Provided records —
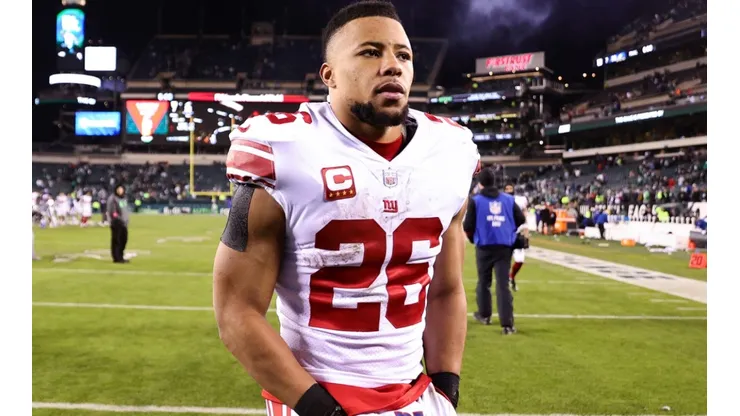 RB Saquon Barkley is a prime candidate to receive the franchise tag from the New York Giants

--

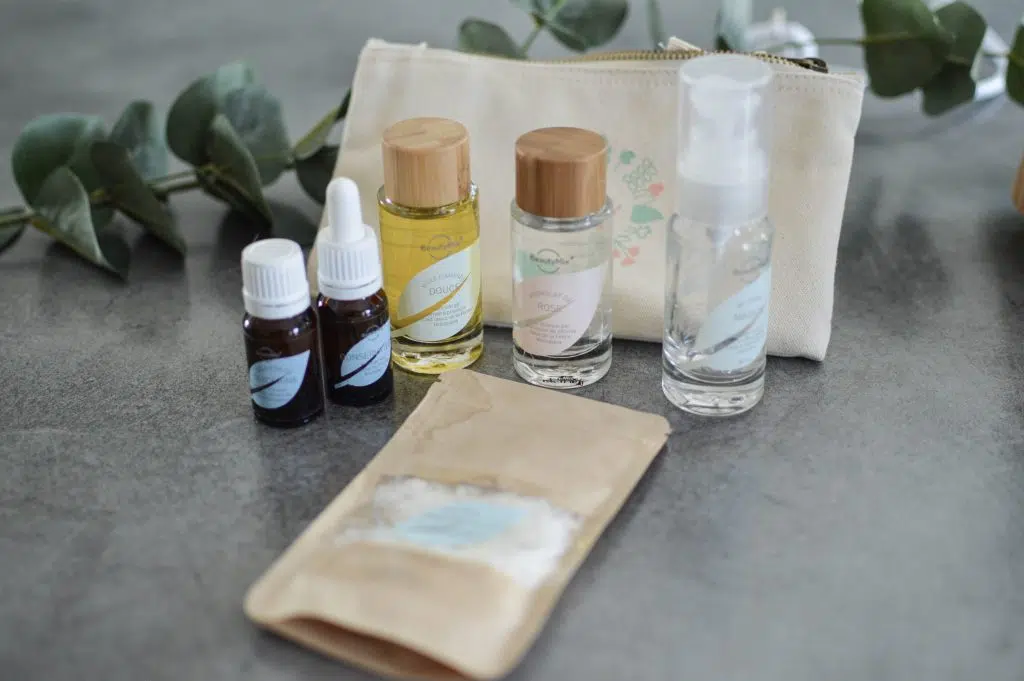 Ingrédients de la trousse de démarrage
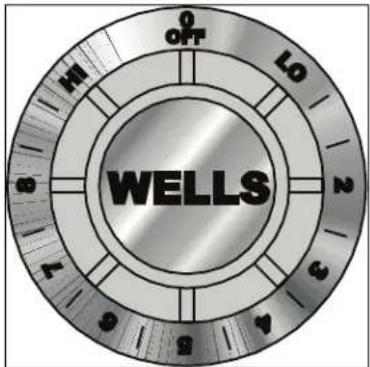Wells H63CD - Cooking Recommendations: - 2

Action item — What is needed is an exact copy of only the lines above from the one with "Ingrédients de la trousse de démarrage" to the one with "Wells H63CD - Cooking Recommendations: - 2", both kept, with every picture left out.

Answer to this exercise —
 Ingrédients de la trousse de démarrage
Wells H63CD - Cooking Recommendations: - 2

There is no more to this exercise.